## MATERIAL PROVIDED
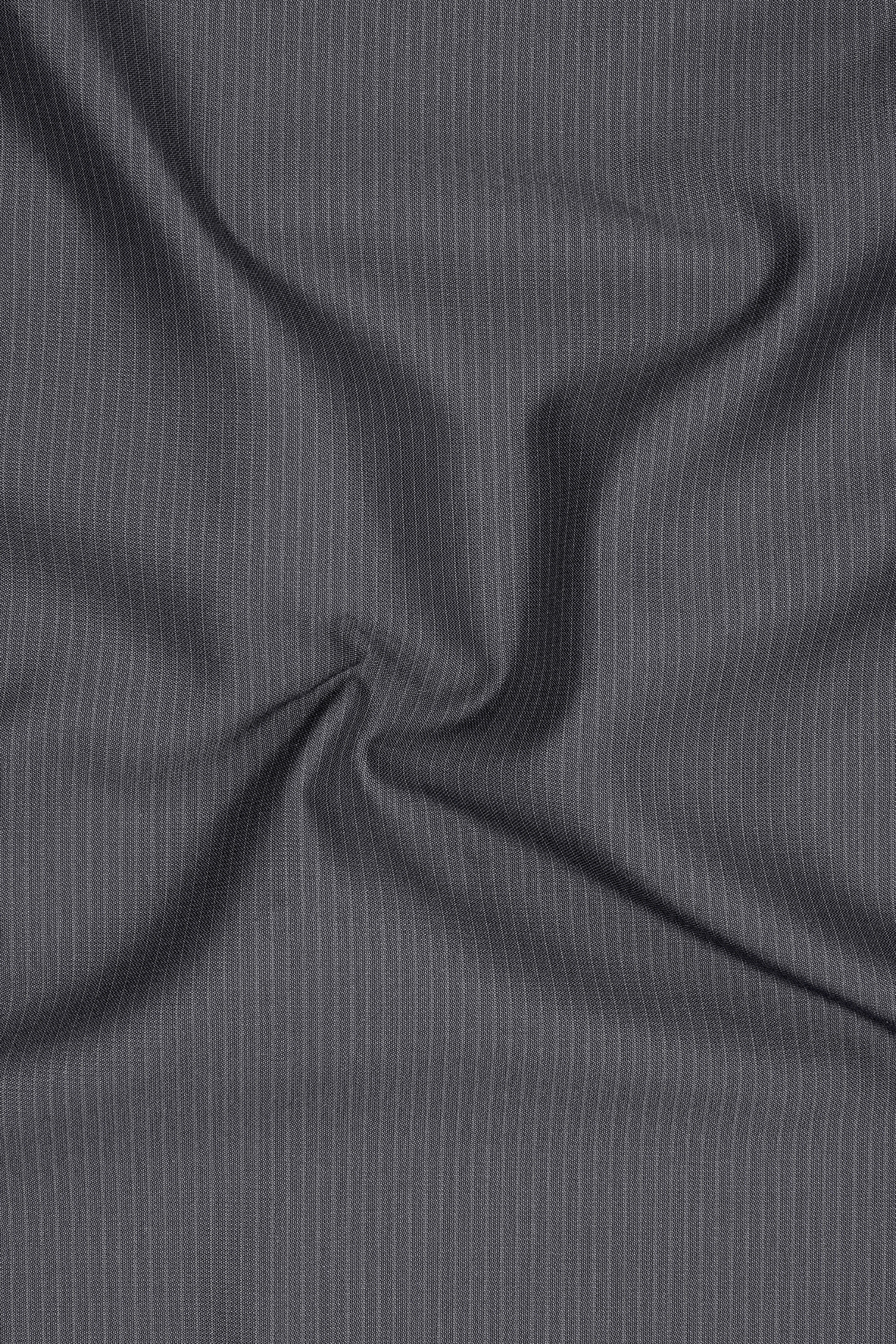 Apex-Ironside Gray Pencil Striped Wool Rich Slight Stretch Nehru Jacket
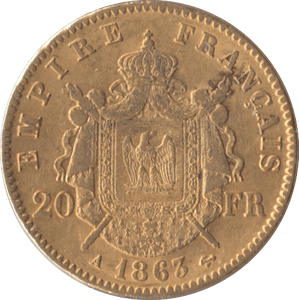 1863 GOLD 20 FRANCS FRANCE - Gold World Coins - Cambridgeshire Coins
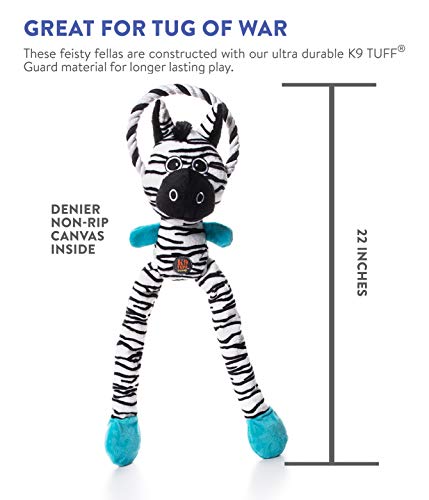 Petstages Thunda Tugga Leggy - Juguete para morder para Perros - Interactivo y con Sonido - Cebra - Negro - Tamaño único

## YOUR TASK
Give back the material exactly as written, images excluded.

## ANSWER SPACE
 Apex-Ironside Gray Pencil Striped Wool Rich Slight Stretch Nehru Jacket
 1863 GOLD 20 FRANCS FRANCE - Gold World Coins - Cambridgeshire Coins
 Petstages Thunda Tugga Leggy - Juguete para morder para Perros - Interactivo y con Sonido - Cebra - Negro - Tamaño único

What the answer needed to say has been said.